Accepting elements that are not passed through our own h/createElement is tricky, because the $$typeoff property in react elements point to an internal symbol. In all the scenarios I can come up with you'd open up the gates for XSS attacks :/

@JoviDeCroock Is there some documentation somewhere that could help me understand how iterating on the children is exposing the lib to the XSS risk?

@marvinhagemeister I'm not sure if we can leverage this but React falls back to the number 0xeac7 if Symbols are not available. In terms of long-term vision, does Preact want to expose the same API as React or to support React components too?

Regarding the security implications, React has a very detailed overview of why vnode injection was an exploitable vulnerability worth mitigating against.

Preact does not implement internal APIs like vnode.$$typeof, since those are implementation details of React. Implementing such things would produce a straight clone of React, which is not what Preact aims to be.

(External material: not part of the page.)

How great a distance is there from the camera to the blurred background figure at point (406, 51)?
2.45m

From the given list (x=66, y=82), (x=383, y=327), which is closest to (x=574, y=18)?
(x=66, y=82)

Preact also specifically does not attempt to interoperate with React-instantiated VNodes, since any application relying on this behavior would be a highly suboptimal configuration. Creating vnodes using React means you're already running a copy of React - there isn't a reason to bring in a second library to do rendering given you've already got the first one loaded.

Regarding the original issue, you can patch this to work as follows:

import * as React from 'react';  // or however you would normally
let old = React.createElement;
React.createElement = function() {
  let vnode = old.apply(this, arguments);
  vnode.constructor = undefined;
  return vnode;
}

I wouldn't recommend doing this (or suggesting others do so) for anything important.

Thank you for the clarifications, this is highly appreciated.

I might turn the problem around to start from a new angle then: leveraging Preact _only_ as state management and creating specialized renderers for different frameworks. I'm still trying to figure out if that's a legit use of Preact. At this point what I'm doing is experimental and I'm trying multiple approaches.

I joined the Preact Slack workspace which might be more appropriate for future related questions.

Since the original issue is answered, feel free to close it. Thank you again.